Setting up error handling

Objective

After completing this lesson, you will be able to Explain the levels of data recovery strategies.

Error Handling Strategies

The first solution to manage error situations is to avoid them. Some error situations can easily be sidestepped by constructing jobs so that they take into account the issues that frequently cause them to fail.

But some situations are unavoidable, such as server failures. You must then design your data flows to recover from the failed situation.

Avoiding Errors

You can avoid errors in your data flows by:

  • Using conditions so that the data flow only executes when the context is correct.
  • Using a loop to start over until the context is correct.

    Don't forget to add a way out in case situation is never reached!
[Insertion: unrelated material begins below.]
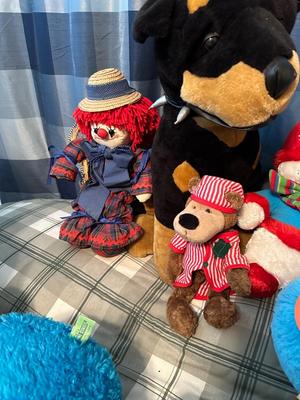AN ASSORTMENT OF PLUSH ANIMALS (3)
One example is when an external file is required to run a job. In this situation, use the wait_for_file function or a while loop and the file_exists function to check that the file exists in a specified location before executing the job.

The while loop is a single–use object that is used in a work flow. The while loop repeats a sequence of steps as long as a condition is true.
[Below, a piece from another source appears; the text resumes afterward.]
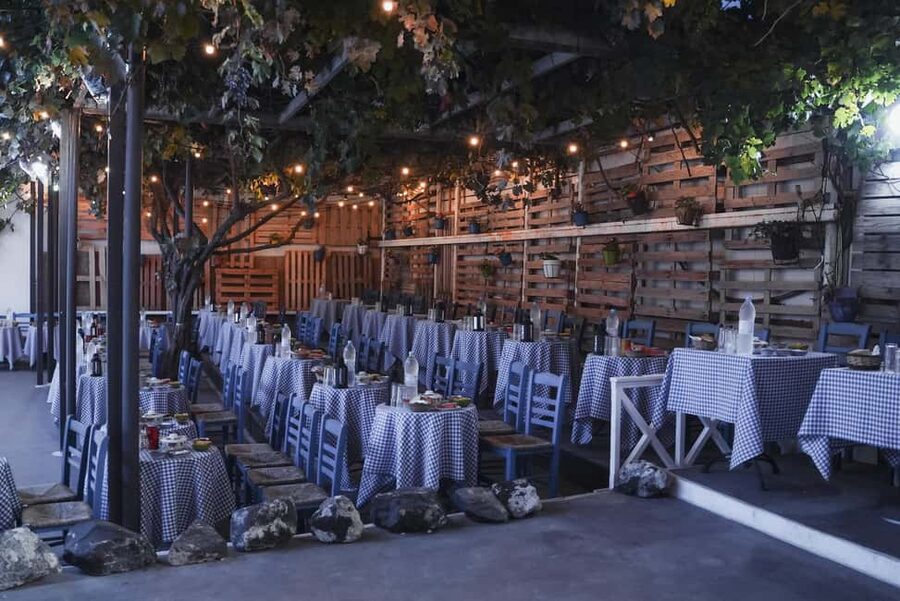 Santorini: The Greek Wedding Show - The real showstoppers: Zorba, Syrtaki, and plate breaking with OPA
Typically, the steps done during the while loop result in a change in the condition so that the condition is eventually no longer satisfied and the work flow exits from the while loop. If the condition does not change, the while loop does not end.

For example, you might want a work flow to wait until the system writes a particular file. Use a while loop to check for the existence of the file using the file_exists function. As long as the file does not exist, the work flow can go into sleep mode for a particular length of time before checking again.

As the system might never write the file, add another check to the loop, such as a counter, to ensure that the while loop eventually exits. In other words, change the while loop to check for the existence of the file and the value of the counter. As long as the file does not exist and the counter is less than a particular value, repeat the while loop. In each iteration of the loop, put the work flow in sleep mode and then increment the counter.

Levels of Data Recovery Strategies

Some errors cannot be anticipated and will cause the job to fail.

Executing a failed job again may result in duplication of rows that were loaded successfully during the first job run.

You then have to find a way of recovering your jobs so that the database is in a correct state and you can go on with the schedule.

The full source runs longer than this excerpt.